The weather has been interesting. Rain, rain and more rain. It wouldn’t be Scotland if it didn’t rain but there are limits and they were passed quite some time ago. It makes predicting the weather a bit of a test though just ask the BBC Scotland weather team.

But is all well with the team? The big question is where is “thon wee Cubie lassie”? Did she actually run away to the circus? Is she, at this very moment, donning a spangled costume before climbing up a rope and swinging about fairly high up in very large tent which smells continuously of wet grass? Is that more exciting than predicting the weather 0n TV? Sadly, she’s actually presenting on Landward, which is the Scottish version of Countryfile that is all about coos and plants and stuff so no need for spangled outfits mind you…

JR is back doing the weather. Whilst Judith is back there is less of her than before. Is this a good thing? Her frocks are more sensible although she is still rebellious with her shoes. One of the other weather ladies Gillian Smart, who went off to have a baby at the same time as Judith is showing signs of needing to take time off again for the same reason. Goodness.

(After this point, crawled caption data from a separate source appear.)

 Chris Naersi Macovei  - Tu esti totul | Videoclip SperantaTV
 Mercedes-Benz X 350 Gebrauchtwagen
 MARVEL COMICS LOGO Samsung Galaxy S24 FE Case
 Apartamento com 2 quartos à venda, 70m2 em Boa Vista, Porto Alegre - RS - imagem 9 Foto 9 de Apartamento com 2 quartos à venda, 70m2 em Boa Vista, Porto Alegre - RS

Anyway JR seems to be on mostly during the day and only rarely on at peak times. The weather has been going down hill in more ways than one. JRs main job was to distract, mainly chaps but not exclusively chaps, from the weather forecast, which is always secondary anyway

The main forecasting roll has been taken over by Mr Chris Blanchett who is well turned out and is probably a nice boy. He has a bit of banter with the news anchor person but, well, he isn’t JR.

The effect of the continuing absence of JR on our screens could have a major effect on the morale of the Scottish population or at least a fairly significant part. This then is serious.  This could threaten the very fabric of the Scottish nation. Independence potentially looming and possible pro voters completely distracted, seriously worried about the weather which they now know all about and wondering if they could alter their working hours so they could be around more during the day.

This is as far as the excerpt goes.